Beware xargs security holes

The Grey Wolf greywolf at unisoft.UUCP
Thu Oct 25 06:32:04 AEST 1990


In article <4062:Oct1518:22:1290 at kramden.acf.nyu.edu> brnstnd at kramden.acf.nyu.edu (Dan Bernstein) writes:
>In article <271653D6.1CE8 at tct.uucp> chip at tct.uucp (Chip Salzenberg) writes:
>> According to lml at cbnews.att.com (L. Mark Larsen):
>> >I never much cared for xargs since it limits you to an argument list of
>> >only 470 bytes.
>> For the most common use of xargs -- "find ... | xargs command" -- the
>> script below, called "many", does a good job.  Since it doesn't spawn
>> a subshell, it isn't prone to metacharacter-caused security problems.
>
>But it's still susceptible to filenames with carriage returns, and will
>be until find has a -print0 option. Please, please, please don't claim
>that your xargs is by any means secure when a standard command like
>
>  find / -name '#*' -atime +7 -print | xargs rm
>
>lets a malicious user remove every file on the system.
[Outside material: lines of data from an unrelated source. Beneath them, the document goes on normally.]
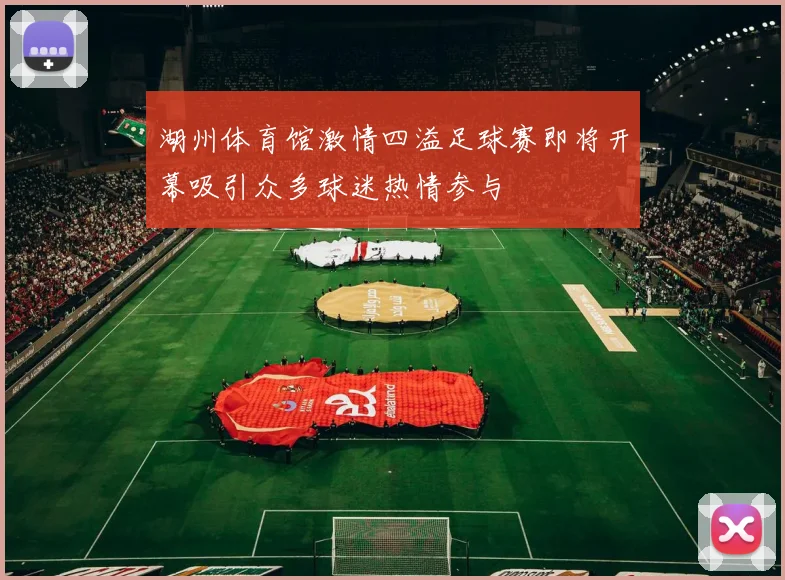 湖州体育馆激情四溢足球赛即将开幕吸引众多球迷热情参与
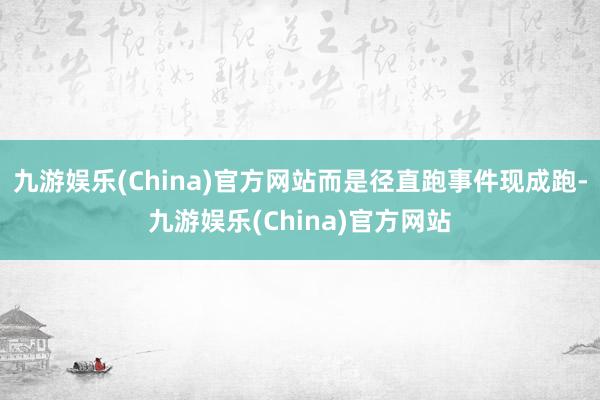 九游娱乐(China)官方网站而是径直跑事件现成跑-九游娱乐(China)官方网站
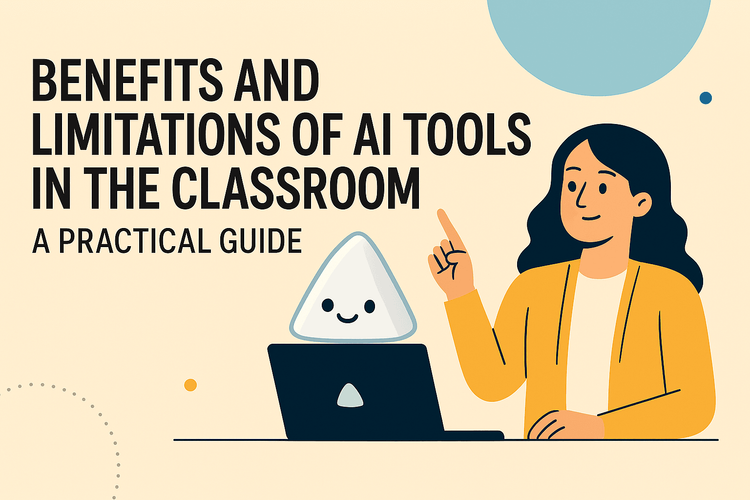 Benefits and Limitations of AI Tools in the Classroom: A Practical Guide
Maybe it's
>unreasonable of me to want others to live up to my standard of security,
>but in my eyes no \n-parsing xargs qualifies as ``a good job.'' Sorry.
>
>---Dan

Having looked at the output of find and the input of xargs, there
is definitely a hole ("NO SHIT, SHERLOCK!") (yeah, I saw the other posts).
Just the same, xargs kind of loses functionality if you take away its
ability to handle newlines.  "find $fs -conditions ... -print | xargs cmd"
certainly has more advantages to it than the hole can really offset.
If you're worried about the above command running as root, then don't.
Or don't use "xargs" in that case, use "-exec rm {} \;".
It's that simple.  Don't cripple an otherwise very useful command.
-- 
"This is *not* going to work!"
				"Well, why didn't you say so before?"